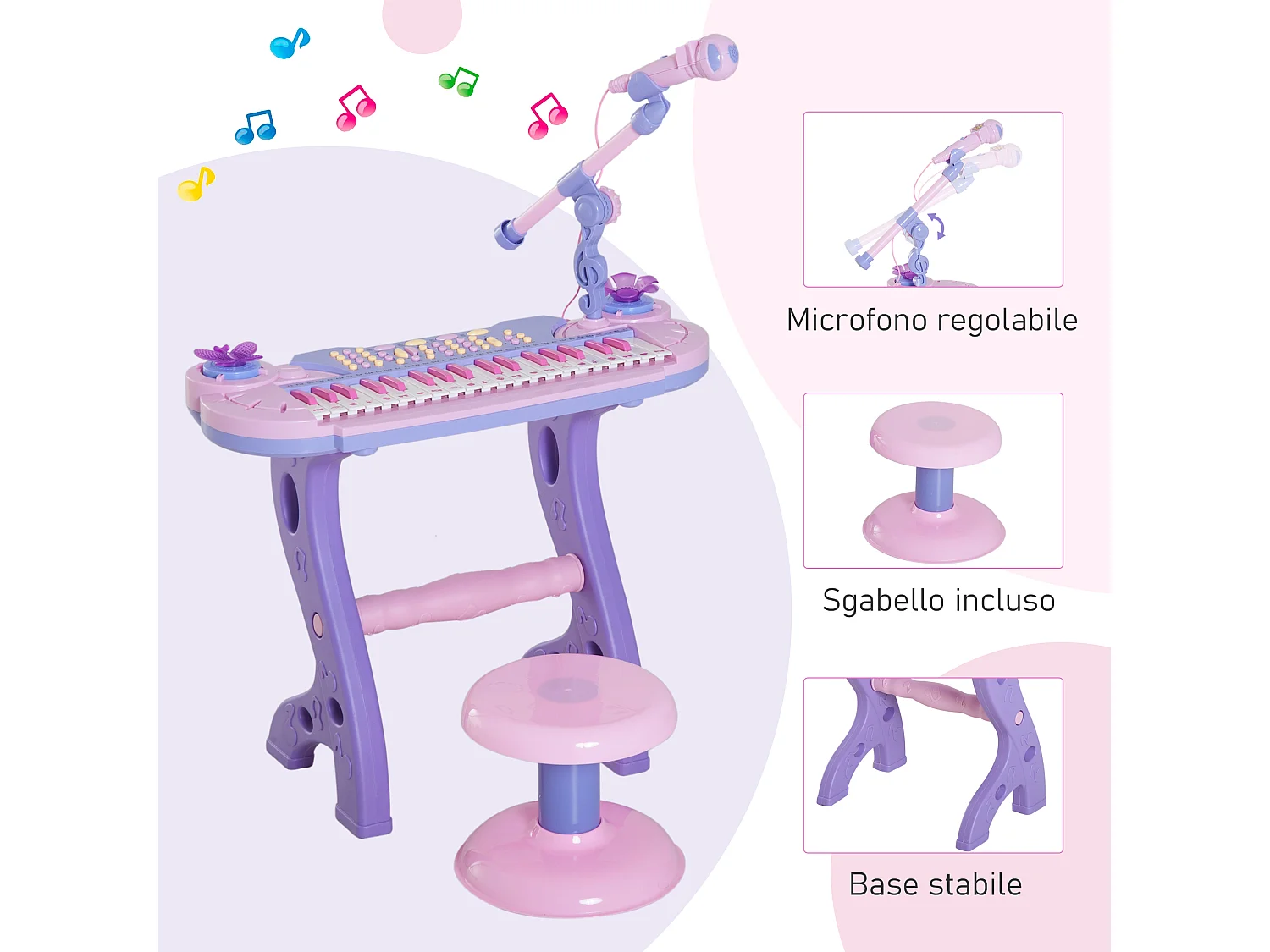 Pianola bimbi 37 tasti microfono sgabello 12 strumenti 12 ritmi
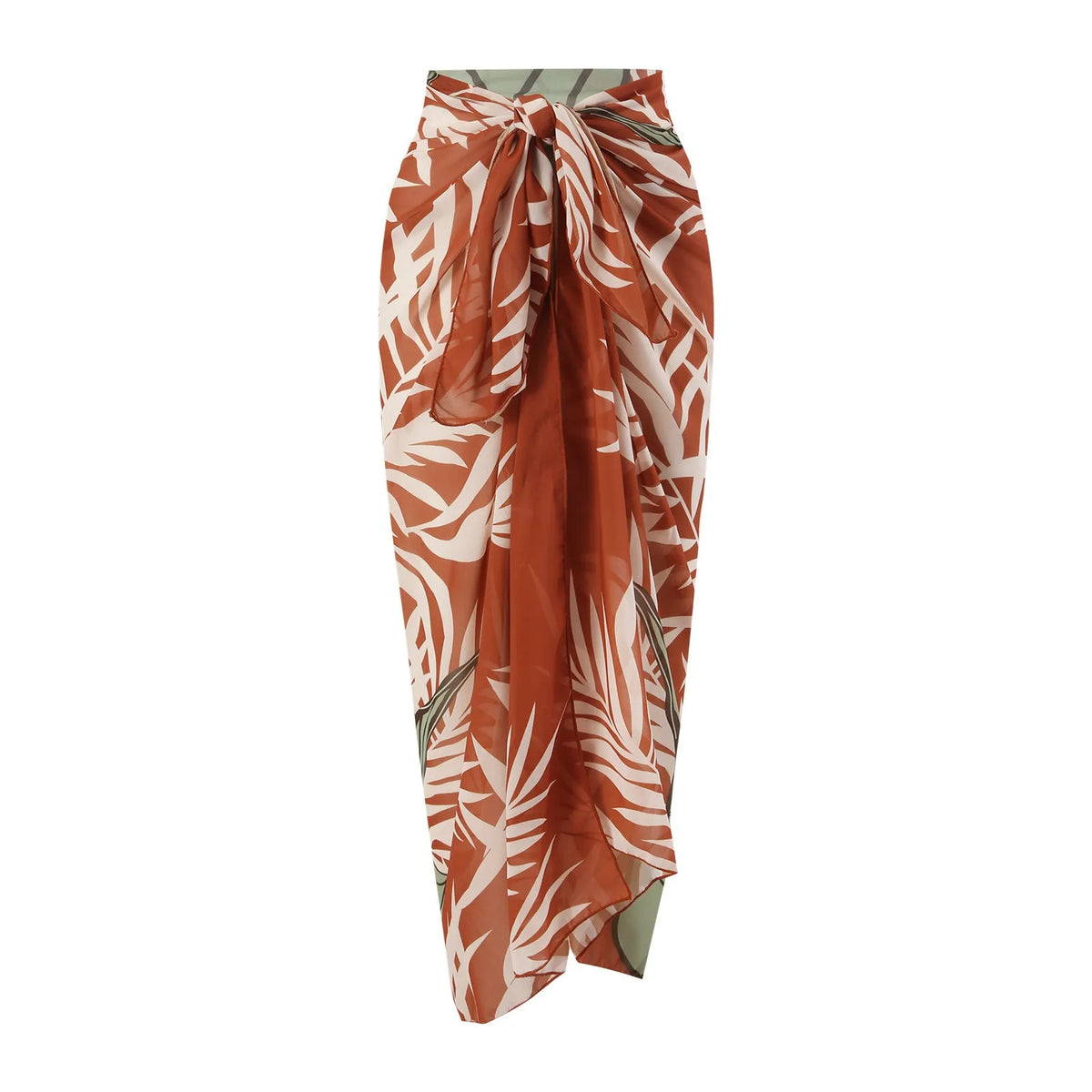 Brown high waist bikini swimsuit with push up top and attached chiffon dress overlay.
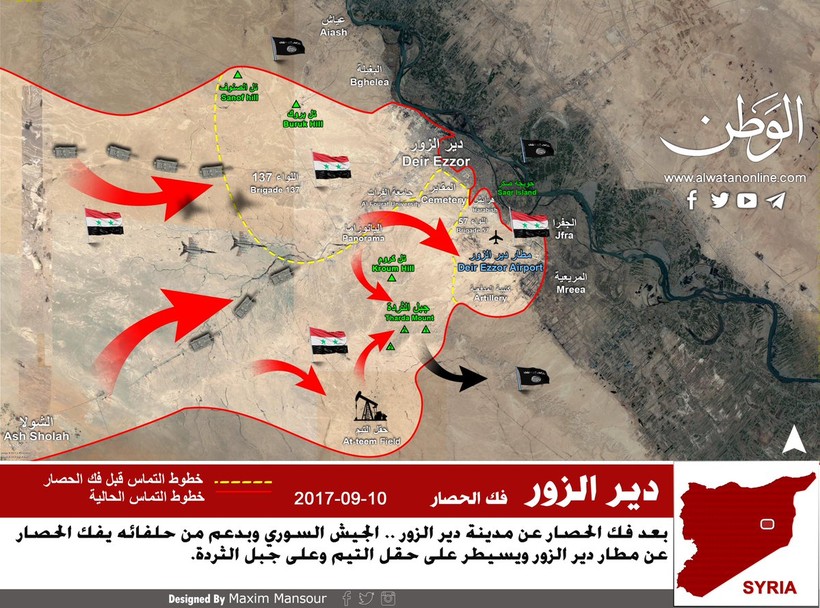 Sơ đồ cuộc tiến công của quân đội Syria trên hướng phía bắc thành phố Deir Ezzor - ảnh Alwatanonline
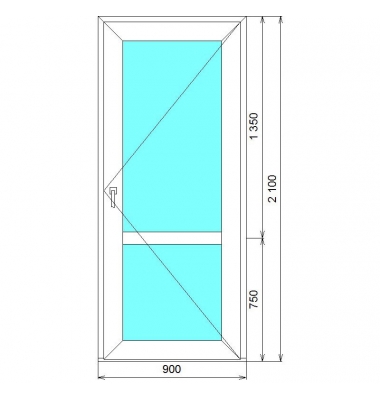 Дверь входная ПВХ 900x2100 Exprof ProWin (3кам. 58мм.)
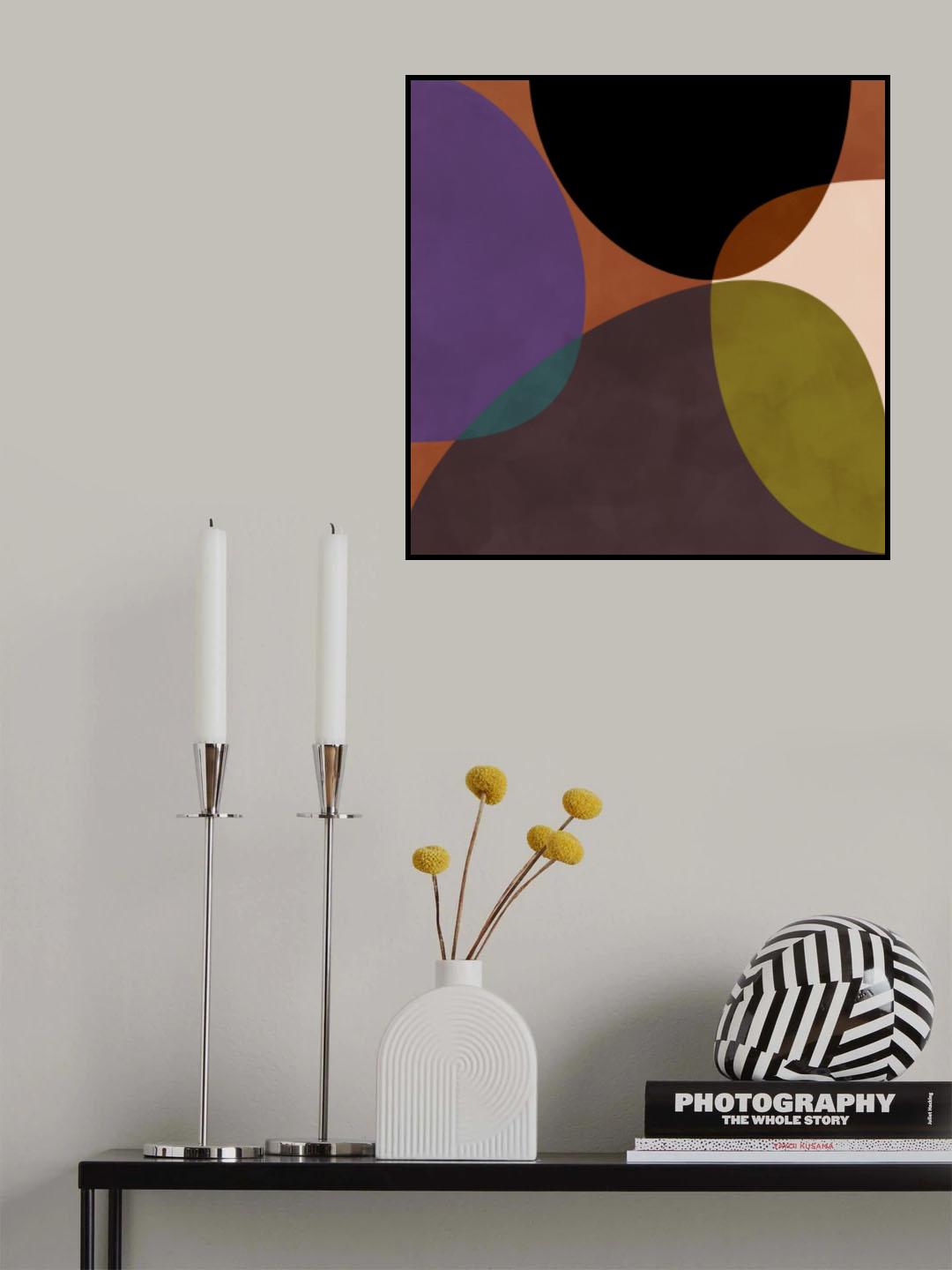 Mid Circles Terracotta Blck2 Poster och Canvastavla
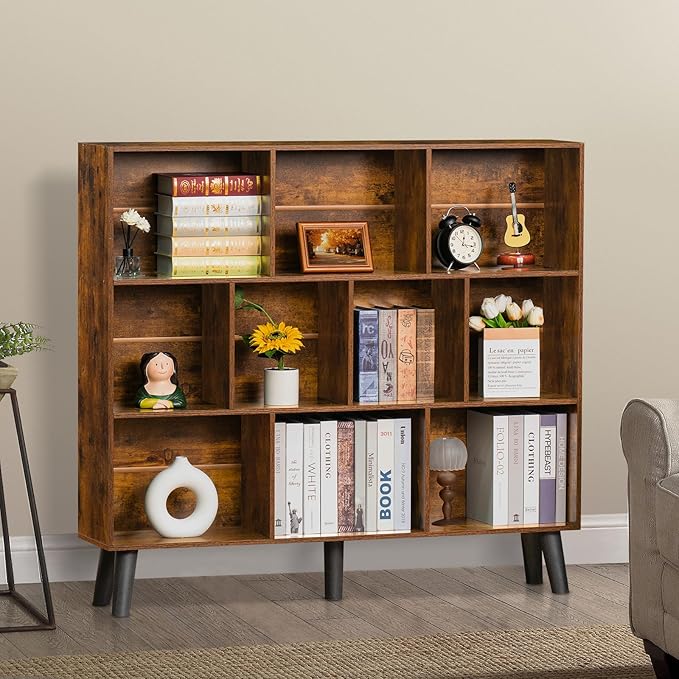 LEYAOYAO 10 Cube Bookshelf,3 Tier Modern Wide Bookcase with Legs,Mid-Century Wood Bookshelfs Storage,Brown Large Book Case,Freestanding Organizer Display Shelf for Bedroom,Living Room,Office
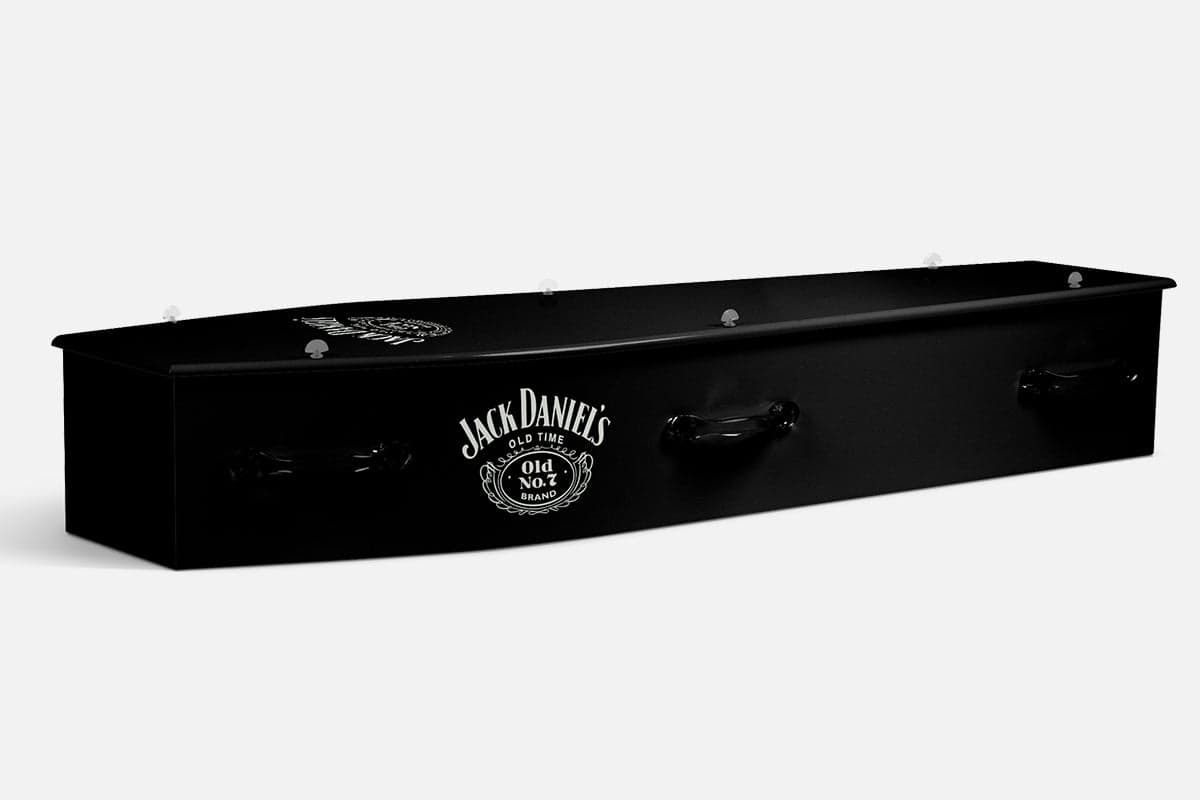 Jack Daniels V1 personalised coffin by Lifestyle Coffins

■ **WORK TO COMPLETE**: Your output should be the lines above from the one that contains "Mid Circles Terracotta" through the one that contains "LEYAOYAO 10 Cube", word for word, with pictures left out.

■ **TASK OUTPUT**:
 Mid Circles Terracotta Blck2 Poster och Canvastavla
 LEYAOYAO 10 Cube Bookshelf,3 Tier Modern Wide Bookcase with Legs,Mid-Century Wood Bookshelfs Storage,Brown Large Book Case,Freestanding Organizer Display Shelf for Bedroom,Living Room,Office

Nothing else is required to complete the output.